Тимур Новиков. «Аполлон, попирающий „Черный квадрат“». 1991
В 1991 году Новиков во второй раз подступает к символическому исправлению действия супрематизма, который узурпировал высшую геометрическую форму, когда-то принадлежавшую классике. Новиков располагает двух Аполлонов – одного на постаменте из «Черного квадрата», другого – на «Красном квадрате», а также «Давида» Микеланджело на «Красном квадрате»: идеальная геометрия – подножие покровителя искусств и прекрасного юноши, победителя грубой бесформенной силы. Эти попытки эстетически «темперировать» супрематизм имеют множество параллелей в искусстве концептуальной номы (последняя – проект Кабакова 2000 года «Жизнь и творчество Шарля Розенталя (1898–1933)»), однако же всегда связанных с исключительно бытовой или частной интерпретацией авангарда, с восстановлением обыденности, которая пробивается из-под квадратов, как трава из-под асфальта, и, как в картинах Шарля Розенталя, засасывает в себя геометрию Малевича [556] .
556
В другом проекте, «Коллекционер», Кабаков пародирует художника-оформителя советских «казенных мест», который украшает стенды.

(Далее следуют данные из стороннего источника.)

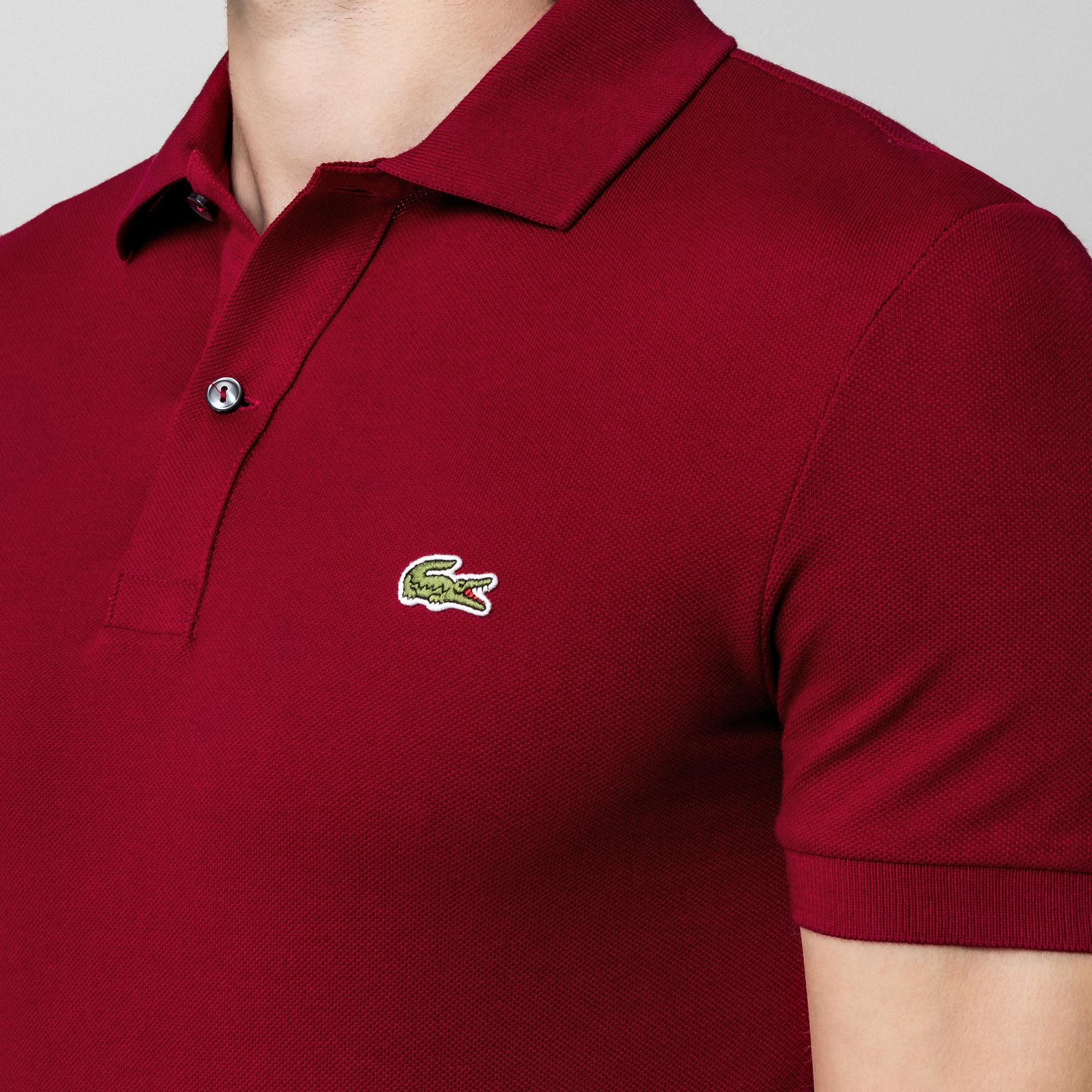 LACOSTE Polo Pique Slim Fit Kurzarm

Наклеенные друг на друга в «художественном» порядке изображения символизируют утопический Порядок, наложенный государственной волей на хаос жизни. «Коллекционер» грезит о порядке, в то время как за стеной, на коммунальной кухне сходятся в схватках его соседи.
Новиков следует идее искусства как создания земного рая, преображения повседневности, разве что не скрывает земные средства этой постройки. Тем, кто обличает красоту как навязанную человечеству во всем его разнообразии репрессивную, даже фашистскую идеологию, Новиков противопоставляет ту здравую мысль, что каждый хочет видеть свой обыденный мир на свой лад красивым, а не уродливым; что природа, по крайней мере внешне, красива и красота неба обращена равно ко всем. Даже к тем, кто в силу собственного несовершенства или страха испытывает к этой красоте величественного недоверие и зависть. «Всёчество» Новикова утишает этот столь распространенный страх перед великолепием «равнодушной природы» тем, что через домашнее шитье знамен с открыточными аполлонами, императорами, святыми открывает прямой канал связи между деклассированной красотой обыденного и недосягаемыми величавыми эталонами прекрасного.